Mark III Systems Blog

Benchmarking LLM, Multi-GPU Finetuning Training Strategies with PyTorch Lightning on NVIDIA DGX

If you have ever attempted to finetune a >1B parameter LLM on one GPU you have probably seen training take several hours even when using time and memory saving strategies like LoRA.  You may have wondered how much time could be saved by using more GPUs, or even several nodes of GPU servers.  In this blog I will be using the same training setup with multiple hardware and training strategy configurations and benchmarking the times to train 1 epoch. The hardware used is 2 NVIDIA DGX servers each containing 8x GPUs.

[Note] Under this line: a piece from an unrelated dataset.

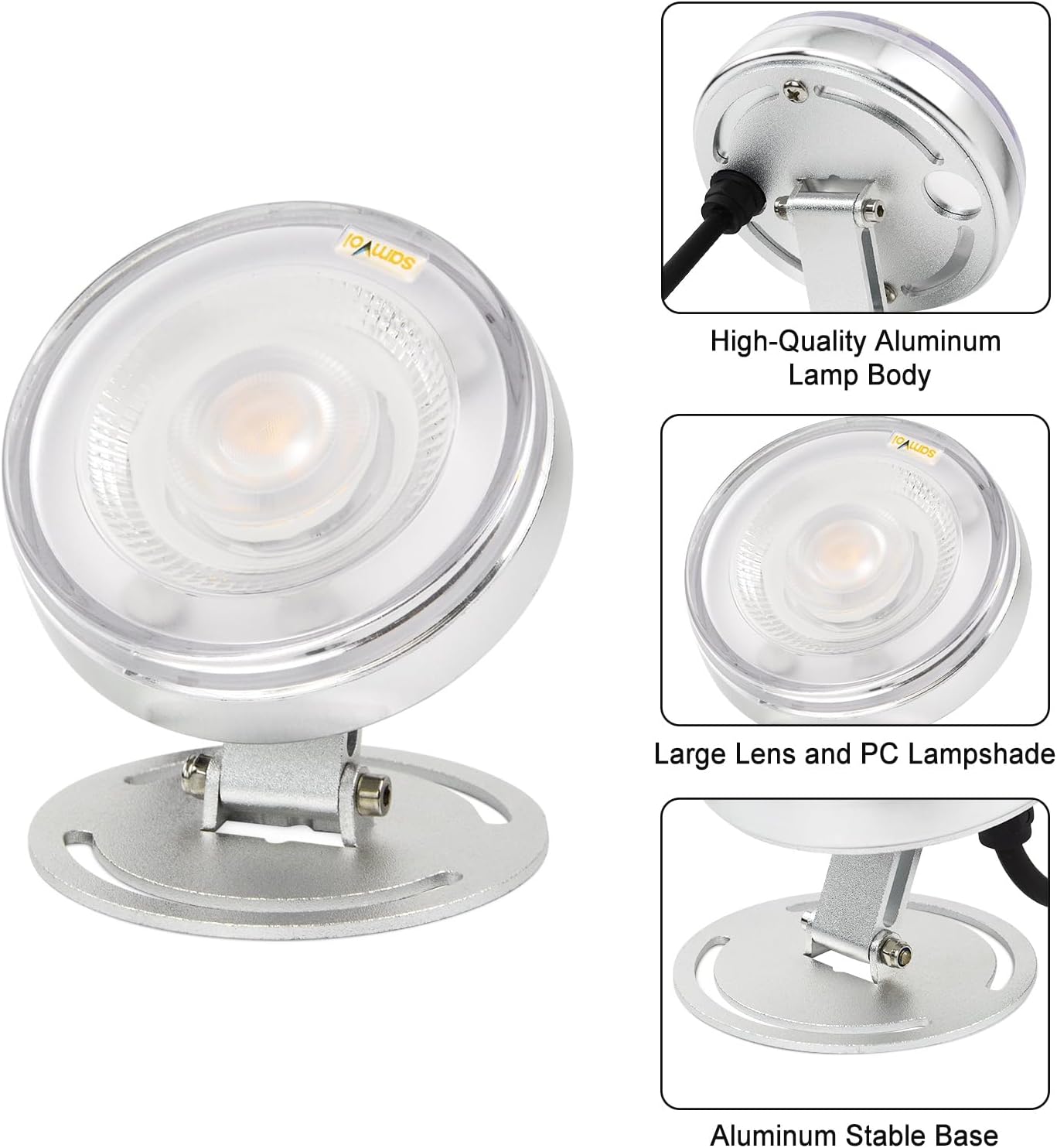 LED Underwater Pond Light, Heavy Duty Aluminum 12V 3000K Warm White IP68 Waterproof Fountain Light, Landscape Lamp for Swimming Pool, Fountain, Waterfall, Pond and Grass Land (12, Watts)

I found that the easiest framework to set up for multi-node training is Pytorch Lightning and I use the Deepspeed ZeRO 2 and 3 as my training strategies. For more information about ZeRO see the distributed training strategies overview blog.

1 GPU / 1 DGX


When only using 1x DGX V100 GPU this training job is going to take a little over an hour to complete one epoch. This will serve a benchmark to compare our distributed training jobs to. Let’s see if switching to 8 GPUs speeds things up.

8 GPUs / 1 DGX / DeepSpeed ZeRO 2


Unsurprisingly, using 8 V100 GPUs rather than 1 resulted in a much faster execution time for our training job. This job took ~ 9 minutes which is a >6x speedup from our previous run. Now let’s increase the number of GPUs even more by adding another node to the job.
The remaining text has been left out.